Le droit de réponse lui a permis d'exposer son point de vue.
Mais comme je suis en principe chez moi dans ces pages, il me permettra je l'espère d'exposer aussi le mien.
Je n'ai rien fait d'autre, dans le billet incriminé, que commenter un article paru sur un site italien en libre accès à chacun, auquel Monsieur Izoard collabore, et qu'il avait signé.
Mon commentaire était vif, peut-être trop (et je le regrette), mais pas insultant, et exprimé en termes corrects. La comparaison entre les deux Pontifes - au détriment exclusif de Benoît XVI - mise en avant par les media n'est pas un fantasme de ma part, elle est sous les yeux de chacun, et l'article auquel je faisait allusion y ajoutait, peut-être involontairement, sa petite pierre.
Quant à l'accusation d'entrer dans la vie privée des collègues de Monsieur Izoard, elle est tout simplement grotesque.
C'est Salvatore Izzo lui-même qui racontait dans un article ses premiers pas de vaticaniste sous François (http://paparatzinger6blograffaella.blogspot.fr/2013/03/un-pastore-dalla-mano-sicura-salvatore.html).

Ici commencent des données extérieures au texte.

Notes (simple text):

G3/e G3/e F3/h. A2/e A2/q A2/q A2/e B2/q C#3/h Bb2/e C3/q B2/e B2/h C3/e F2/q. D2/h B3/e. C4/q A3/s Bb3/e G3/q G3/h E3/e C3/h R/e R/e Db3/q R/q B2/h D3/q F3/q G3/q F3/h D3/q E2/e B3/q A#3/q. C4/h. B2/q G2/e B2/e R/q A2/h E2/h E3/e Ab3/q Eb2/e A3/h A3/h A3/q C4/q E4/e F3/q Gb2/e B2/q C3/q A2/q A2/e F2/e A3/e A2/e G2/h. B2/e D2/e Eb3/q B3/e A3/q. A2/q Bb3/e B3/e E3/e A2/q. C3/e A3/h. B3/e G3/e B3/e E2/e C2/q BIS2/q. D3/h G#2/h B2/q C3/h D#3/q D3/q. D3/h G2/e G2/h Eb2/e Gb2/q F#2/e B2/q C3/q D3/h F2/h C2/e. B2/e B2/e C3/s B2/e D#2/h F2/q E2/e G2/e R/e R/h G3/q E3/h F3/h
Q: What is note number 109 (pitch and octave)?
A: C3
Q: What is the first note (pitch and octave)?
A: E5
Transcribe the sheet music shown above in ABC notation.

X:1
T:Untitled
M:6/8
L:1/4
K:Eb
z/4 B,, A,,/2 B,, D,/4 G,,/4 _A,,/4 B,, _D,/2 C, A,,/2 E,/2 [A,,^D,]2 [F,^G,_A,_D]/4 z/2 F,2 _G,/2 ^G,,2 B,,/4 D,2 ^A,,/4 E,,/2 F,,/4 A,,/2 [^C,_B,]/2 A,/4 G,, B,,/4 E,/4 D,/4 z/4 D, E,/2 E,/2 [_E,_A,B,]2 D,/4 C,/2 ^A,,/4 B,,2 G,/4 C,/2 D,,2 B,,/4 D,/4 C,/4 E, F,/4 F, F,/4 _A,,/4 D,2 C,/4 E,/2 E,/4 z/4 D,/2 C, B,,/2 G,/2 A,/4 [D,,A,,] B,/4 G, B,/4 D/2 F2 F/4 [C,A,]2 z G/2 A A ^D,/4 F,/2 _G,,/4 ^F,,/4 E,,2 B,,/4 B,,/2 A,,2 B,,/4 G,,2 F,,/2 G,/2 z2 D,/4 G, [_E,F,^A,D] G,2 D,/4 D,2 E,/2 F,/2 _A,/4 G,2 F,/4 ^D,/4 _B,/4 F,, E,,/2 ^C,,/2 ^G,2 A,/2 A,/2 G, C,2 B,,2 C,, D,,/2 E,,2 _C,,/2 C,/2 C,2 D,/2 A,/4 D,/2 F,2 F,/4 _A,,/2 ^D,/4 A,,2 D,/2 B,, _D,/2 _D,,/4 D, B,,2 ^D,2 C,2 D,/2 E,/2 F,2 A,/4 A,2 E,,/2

Je prends acte que les medias sont (ou se croient) intouchables, et que ceux qui osent mettre en doute leur magistère, "bavent" sur eux. Cela me semble une inquiètante limitation de la pluralité de l'information.

PS: Au moment où j'achève ces lignes, mon irremplaçable amie Carlota, que je ne sais comment remercier, m'envoie en lien un article vraiment providentiel de Philippe Maxence, directeur de l'Homme Nouveau, sur son blog Caelum et Terra, intitulé "Le nouveau bal des girouettes".
Il illustre à la perfection mes intentions .
Je me permet de le reproduire (puisque j'y suis citée, pour le même article) tout en renvoyant expressément mes lecteurs au très beau blog que je découvre.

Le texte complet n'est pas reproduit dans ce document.